Volodymyr Zelensky’s European tour was overshadowed by the announcement of the death in prison of Alexei Navalny, number one opponent of Vladimir Putin, who already rules Russia with an iron fist, exacerbating tensions with the West and further extinguishing any hope of opening in Moscow.
The master of the Kremlin will have to “be held accountable for his crimes,” accused Volodymyr Zelensky. Russia condemns “free spirits” to death by putting them in the “gulag”, launched Emmanuel Macron.

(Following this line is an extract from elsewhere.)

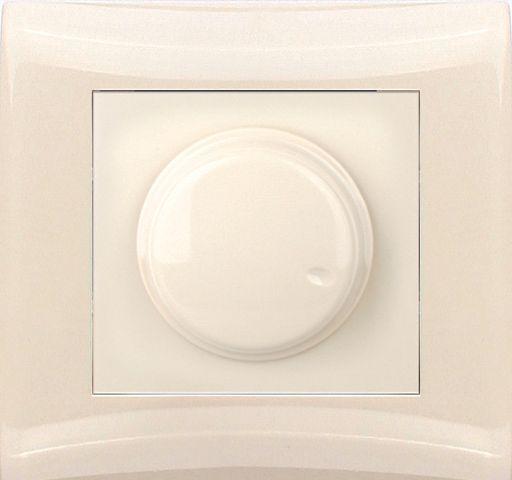 Диммер V01-12-D11-S крем. Volsten 9024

He “paid for his courage with his life,” added German Chancellor Olaf Scholz.
The Ukrainian president, visiting his European allies as his country prepares to enter its third year of war against Russia on February 24, had previously stopped in Berlin on Friday.
Olaf Scholz and Volodymyr Zelensky also signed a security agreement described as “historic” by the German Chancellor who assured his determination to support Ukraine “as long as necessary” against the Russian aggressor.
” Unprecedented ”
“Two years after the start of this terrible war, today we are sending a very clear message to the Russian president: we will not relax our support for Ukraine,” warned the German leader.
Illustration of this commitment: the signed document contains additional and immediate military aid in the amount of 1.1 billion euros, which is a tranche of the seven billion in support already announced by Germany for 2024.
He also plans to support Ukraine after the war to build a modern army capable of repelling possible future attacks from Russia.
“Our security agreement is a truly unprecedented bilateral document,” stressed the Ukrainian president in Berlin.
This diplomatic escape is crucial for Mr. Zelensky at a time when the situation has considerably deteriorated on the Ukrainian front.
In the east of the country, Avdiïvka is the epicenter of “fierce fighting” and now threatens to fall after months of Russian assaults. The Ukrainian army announced on Friday that it had withdrawn from a position it held south of this city in the face of increasing Russian assaults.